Each record must be written out again exactly. Skip any picture it contains.

################

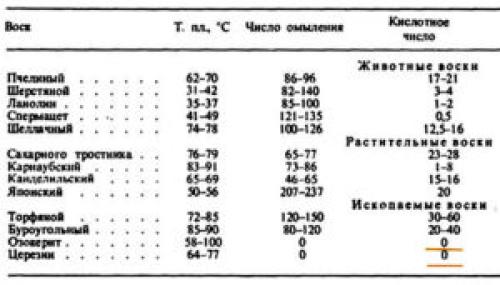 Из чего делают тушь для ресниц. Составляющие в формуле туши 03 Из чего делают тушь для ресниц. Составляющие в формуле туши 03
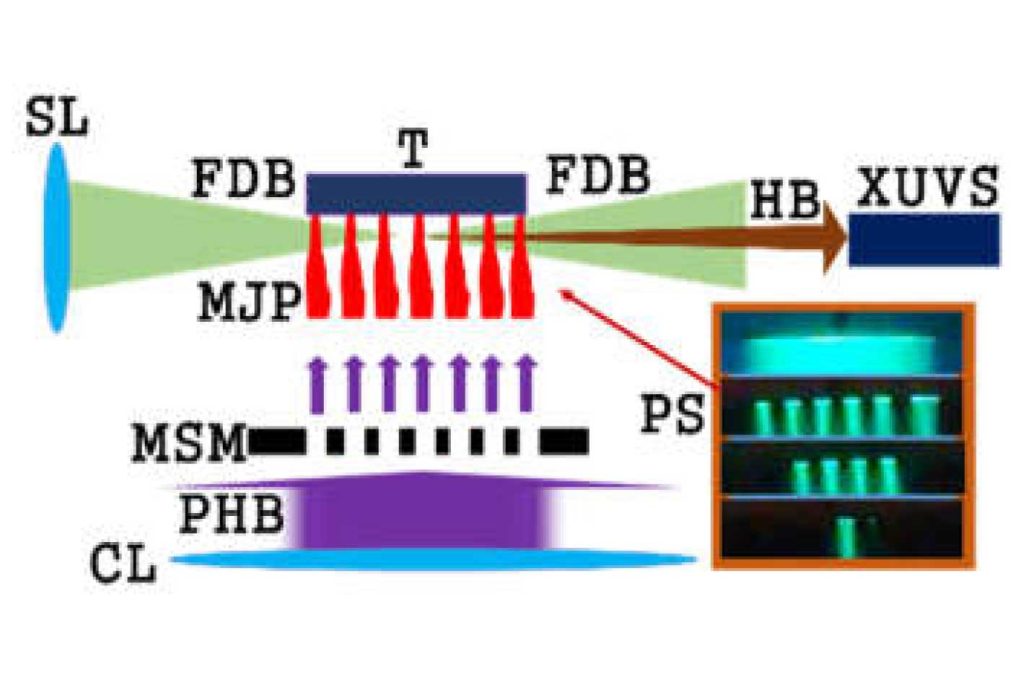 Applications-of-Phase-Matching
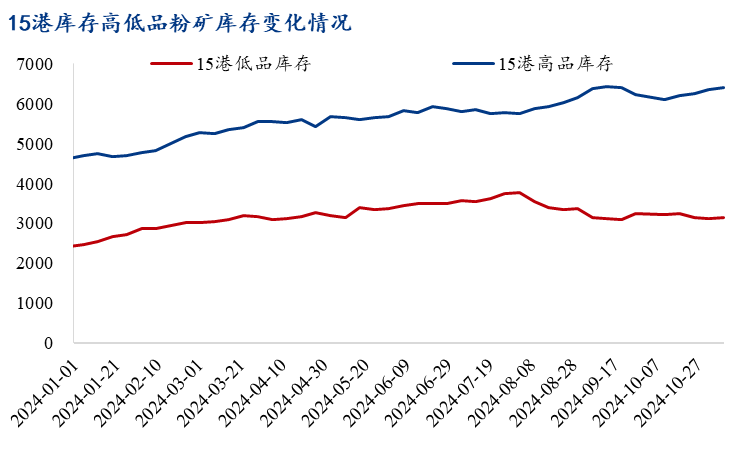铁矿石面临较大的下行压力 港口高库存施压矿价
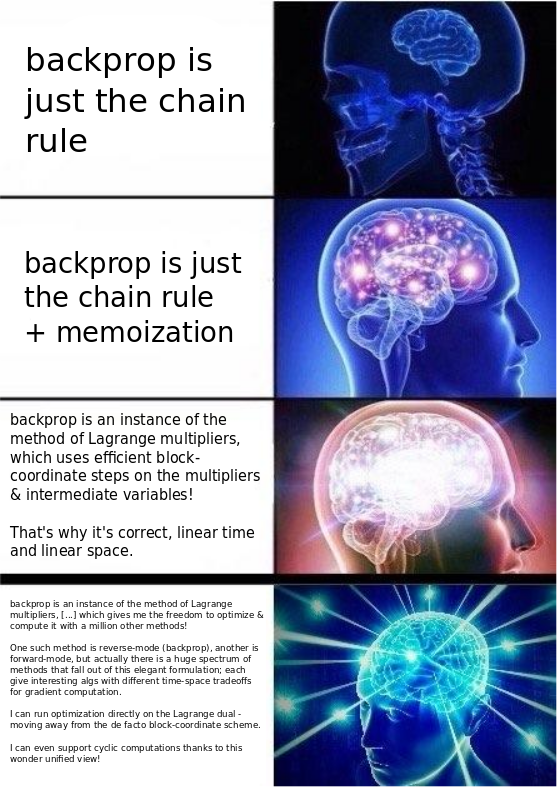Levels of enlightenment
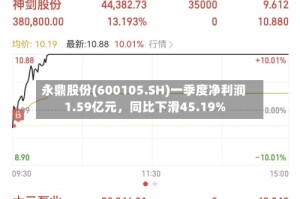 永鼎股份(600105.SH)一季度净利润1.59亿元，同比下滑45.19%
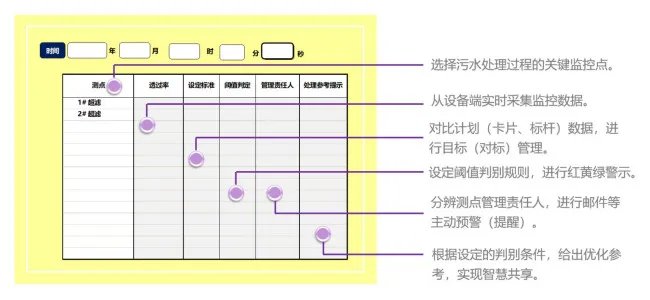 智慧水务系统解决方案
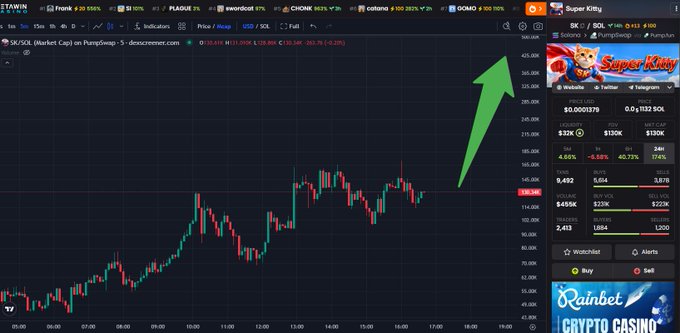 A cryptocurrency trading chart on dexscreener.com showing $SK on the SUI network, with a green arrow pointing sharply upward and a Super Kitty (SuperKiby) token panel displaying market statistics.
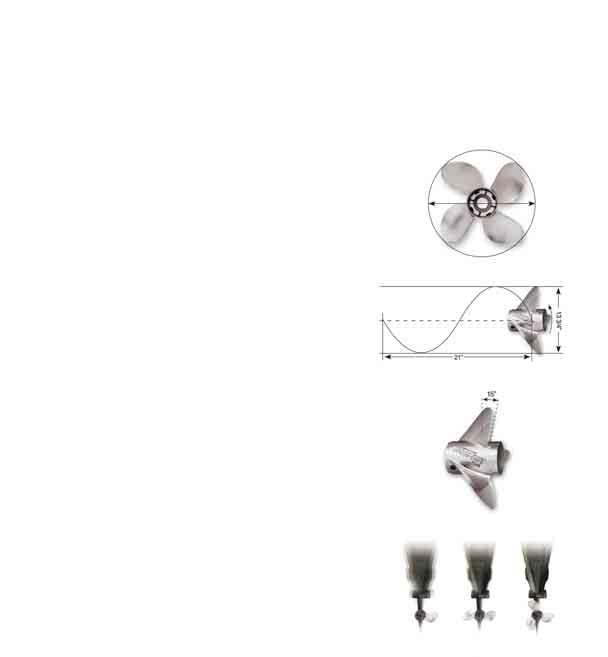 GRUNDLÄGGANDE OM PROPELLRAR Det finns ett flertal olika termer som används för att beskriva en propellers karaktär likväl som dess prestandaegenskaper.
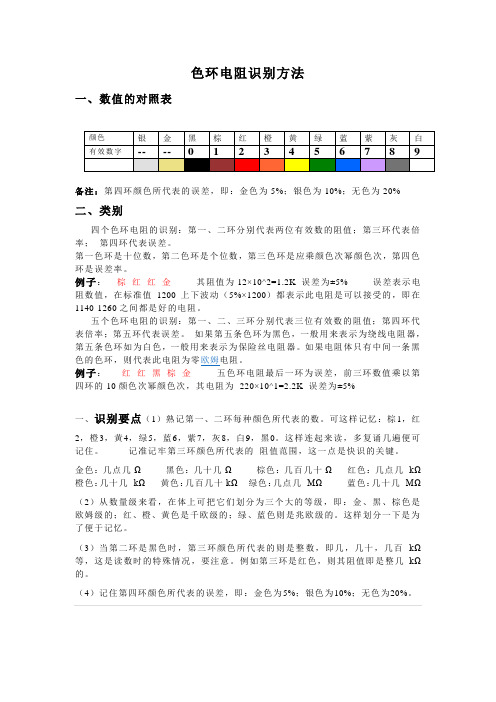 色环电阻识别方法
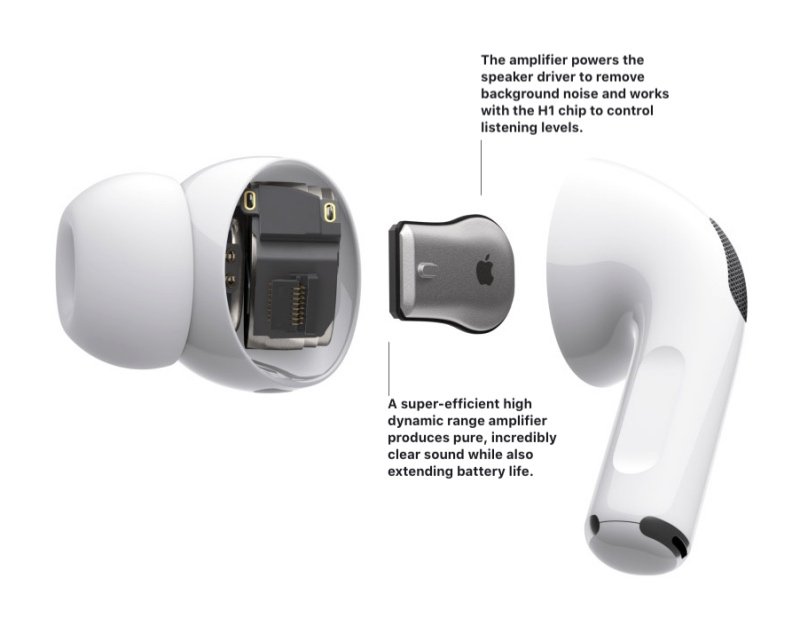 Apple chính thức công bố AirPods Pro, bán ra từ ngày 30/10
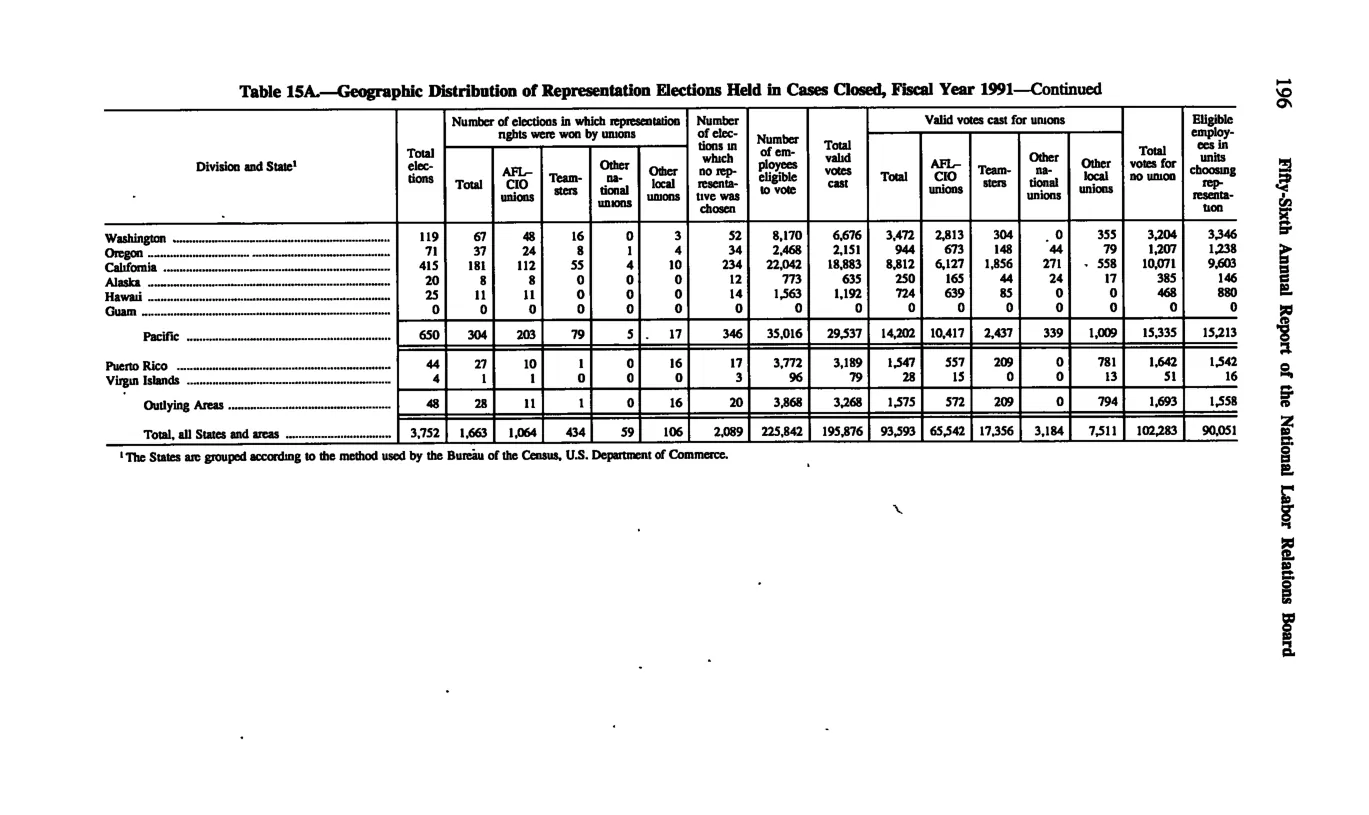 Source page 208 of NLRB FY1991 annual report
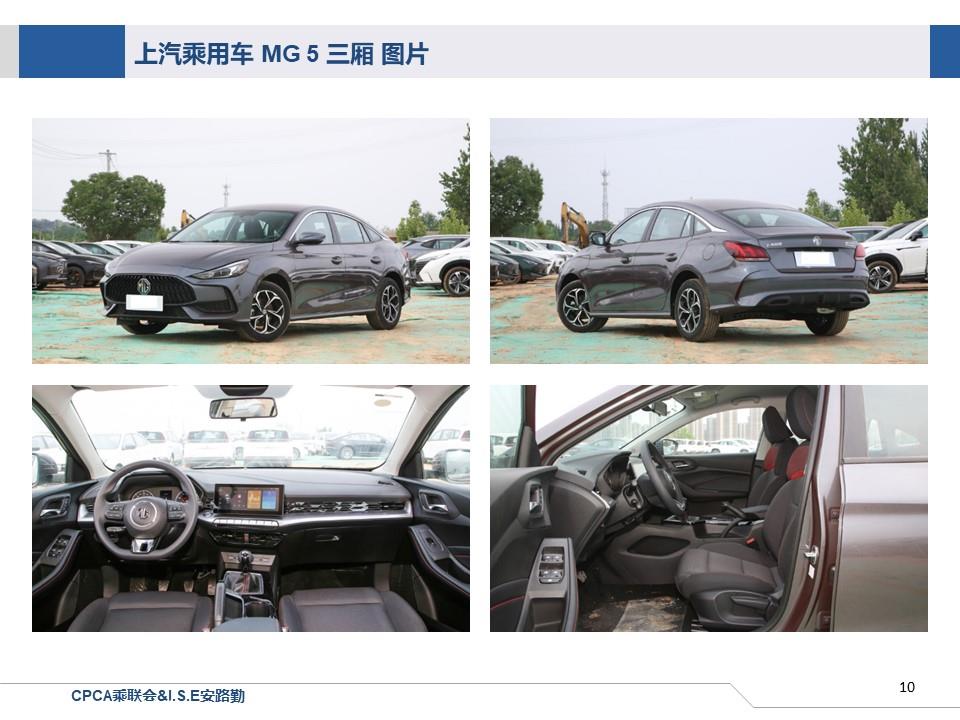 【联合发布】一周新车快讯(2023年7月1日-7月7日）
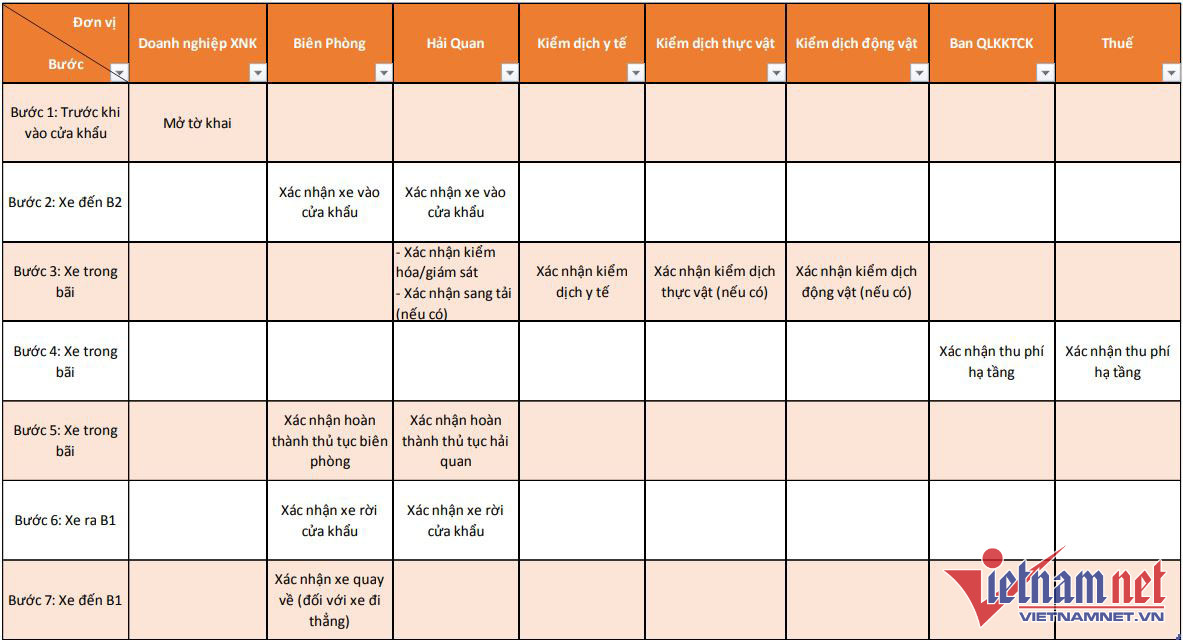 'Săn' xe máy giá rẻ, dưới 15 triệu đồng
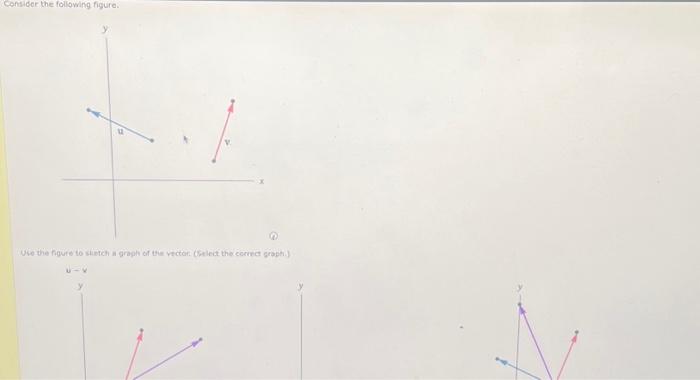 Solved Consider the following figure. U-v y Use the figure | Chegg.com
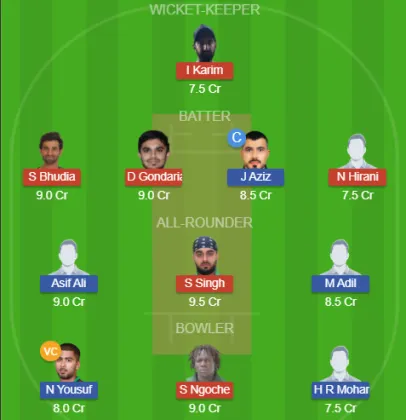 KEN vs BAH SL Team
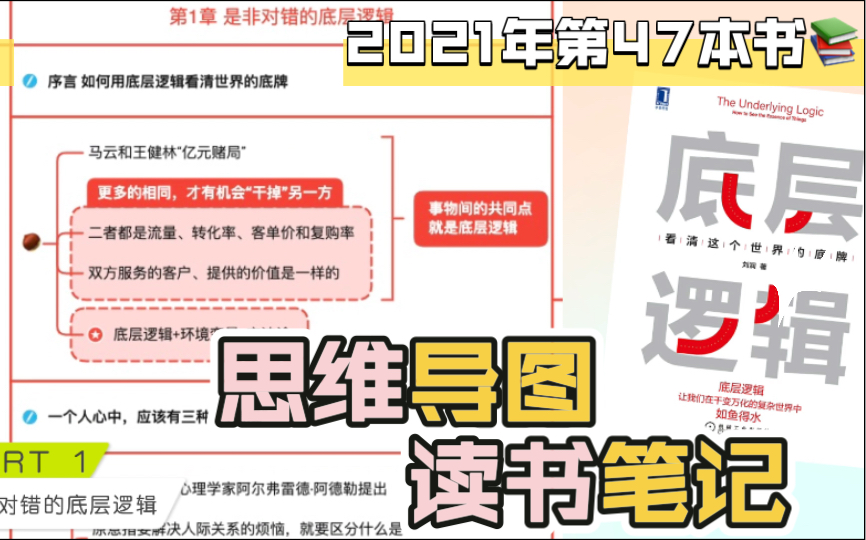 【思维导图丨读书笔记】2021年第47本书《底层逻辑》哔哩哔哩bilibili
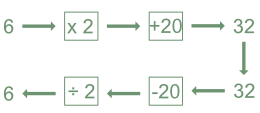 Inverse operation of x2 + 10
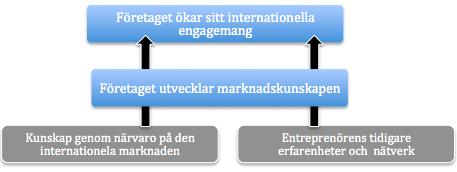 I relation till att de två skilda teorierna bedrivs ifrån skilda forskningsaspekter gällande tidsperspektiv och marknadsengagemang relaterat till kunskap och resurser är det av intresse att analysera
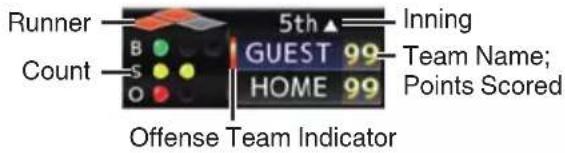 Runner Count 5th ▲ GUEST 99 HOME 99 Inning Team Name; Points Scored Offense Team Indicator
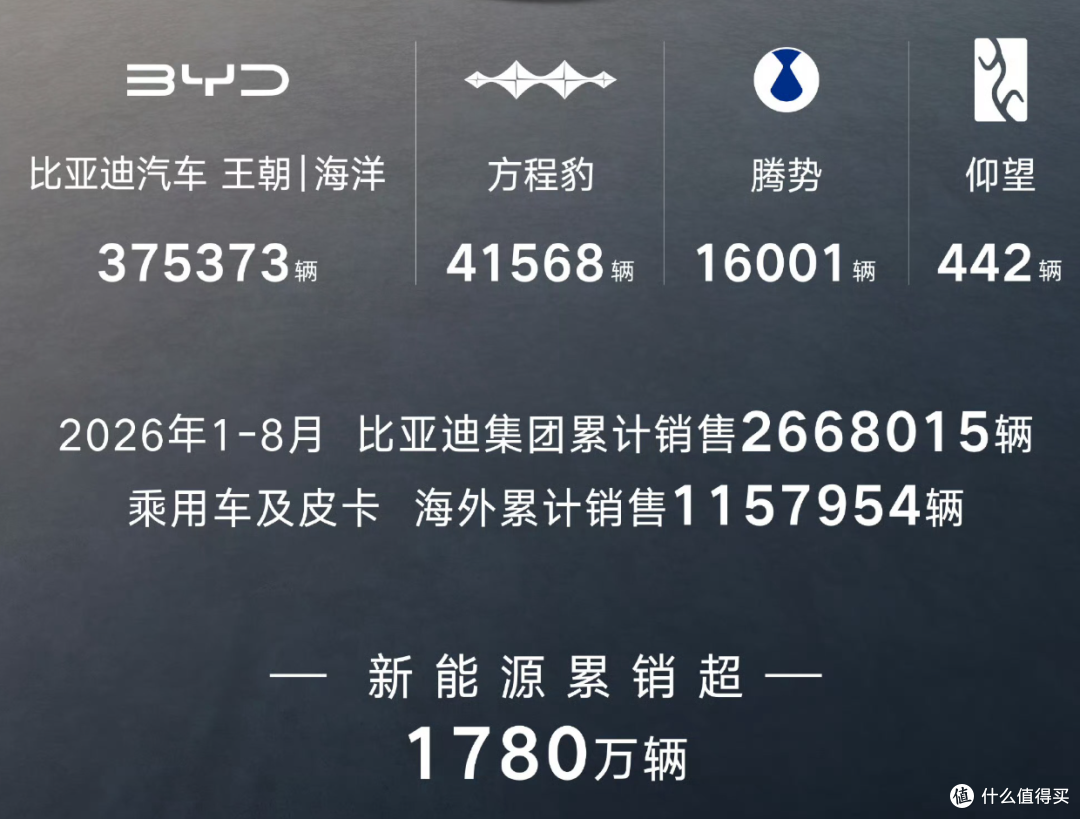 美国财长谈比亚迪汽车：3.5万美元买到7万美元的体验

################

Expected answer:
 Из чего делают тушь для ресниц. Составляющие в формуле туши 03 Из чего делают тушь для ресниц. Составляющие в формуле туши 03
 Applications-of-Phase-Matching
铁矿石面临较大的下行压力 港口高库存施压矿价
Levels of enlightenment
 永鼎股份(600105.SH)一季度净利润1.59亿元，同比下滑45.19%
 智慧水务系统解决方案
 A cryptocurrency trading chart on dexscreener.com showing $SK on the SUI network, with a green arrow pointing sharply upward and a Super Kitty (SuperKiby) token panel displaying market statistics.
 GRUNDLÄGGANDE OM PROPELLRAR Det finns ett flertal olika termer som används för att beskriva en propellers karaktär likväl som dess prestandaegenskaper.
 色环电阻识别方法
 Apple chính thức công bố AirPods Pro, bán ra từ ngày 30/10
 Source page 208 of NLRB FY1991 annual report
 【联合发布】一周新车快讯(2023年7月1日-7月7日）
 'Săn' xe máy giá rẻ, dưới 15 triệu đồng
 Solved Consider the following figure. U-v y Use the figure | Chegg.com
 KEN vs BAH SL Team
 【思维导图丨读书笔记】2021年第47本书《底层逻辑》哔哩哔哩bilibili
 Inverse operation of x2 + 10
 I relation till att de två skilda teorierna bedrivs ifrån skilda forskningsaspekter gällande tidsperspektiv och marknadsengagemang relaterat till kunskap och resurser är det av intresse att analysera
 Runner Count 5th ▲ GUEST 99 HOME 99 Inning Team Name; Points Scored Offense Team Indicator
 美国财长谈比亚迪汽车：3.5万美元买到7万美元的体验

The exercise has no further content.